I’ve been wrangling with an interesting decoding problem over the
weekend. I started out fiddling with profunctors and arrows, but it
morphed into something more lenslike for a while. Since Chris Penner has
just published his article about fitting
Witherable
into an optical framework, I thought I’d
write up what I have so far, and see if I can get some useful thoughts
out while this stuff is flavour of the week.
amazonka-dynamodb
uses an AttributeValue
type to represent data stored in a DynamodDB table. Underneath all the
lenses, this is morally a sum type: an AttributeValue
can
be a string, number, boolean, binary, null, string set, binary set,
&c.
When storing or retrieving data (e.g., with the PutItem
and Query
operations), amazonka often uses
HashMap Text AttributeValue
in its request and response
types. We’re looking for a solution with the following properties:
AttributeValue
and an
AttributeValue
at some specific column in the table.
(De)serialising should be as close to bidirectional as possible, but only when that makes sense. Basic use cases treat a DynamoDB table as a key-value store, and deserialisation becomes very similar to serialisation (read/write these fields at those keys). DynamoDB wizards pack many access patterns into a single table, and each access pattern could well need a different (de)serialiser.

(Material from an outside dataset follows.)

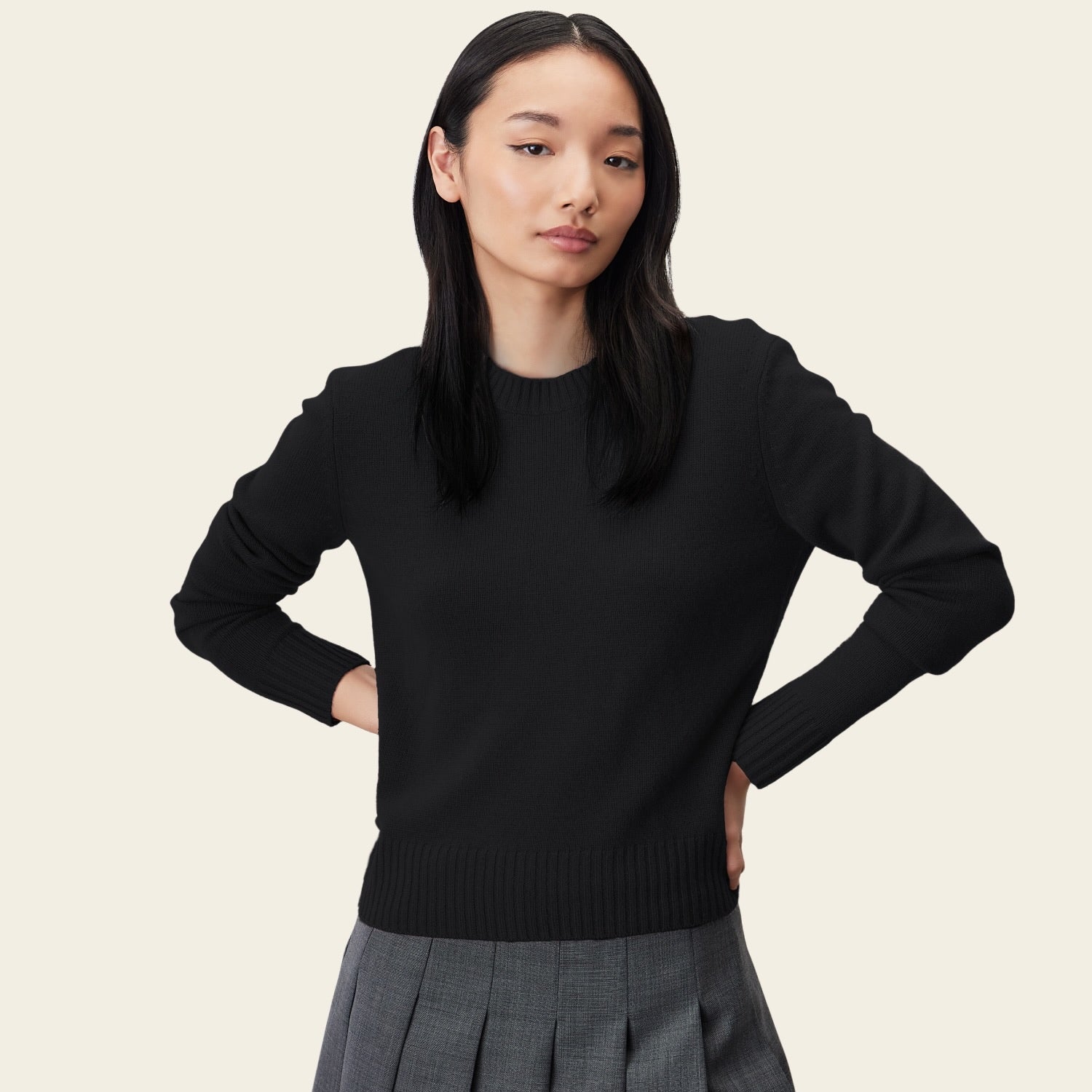 Womens | Mila Cashmere Boxy Crop Sweater | Black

Alex DeBrie has a great article on single-table design in DynamoDB. In it, he quotes Forrest Brazeal (whose article is also pretty good):
In fact, a well-optimized single-table DynamoDB layout looks more like machine code than a simple spreadsheet — despite all the bespoke, human finagling it took to create it.Rick Houlihan has also given some excellent talks about DynamoDB: one in 2018, and one in 2017. Watch the 2018 talk first, because it does a better job of talking through technology shifts, and motivating the use of denormalised data. The 2017 talk has a lot of overlap with the 2018 talk, but there’s enough different material to make it worth watching too.
newtype
s that select which
bifunctor to use added a lot of noise.
Nothing
on failure.
To
/From
Classesaeson
-style
encoder/decoder typeclasses are well-understood. We need to deserialise
both AttributeValue
and
HashMap Text AttributeValue
, which means we need two
classes for each direction:
data DecodeError = Something -- Placeholder
class FromAttributeValue a where
fromAttributeValue :: AttributeValue -> Either DecodeError a
class FromAttributeValues a where
fromAttributeValues :: HashMap Text AttributeValue -> Either DecodeError a
class ToAttributeValue a where
toAttributeValue :: a -> AttributeValue
class ToAttributeValues a where
toAttributeValues :: a -> HashMap Text AttributeValue
This is not acceptable for several reasons:
Type classes for serialisation become awkward across package boundaries. Libraries that provide data structures end up depending on serialisation libraries (potentially pulling in large dependency trees) or are forced to create a separate package with either orphan instances or newtypes just to hold instances. None of these are satisfactory options.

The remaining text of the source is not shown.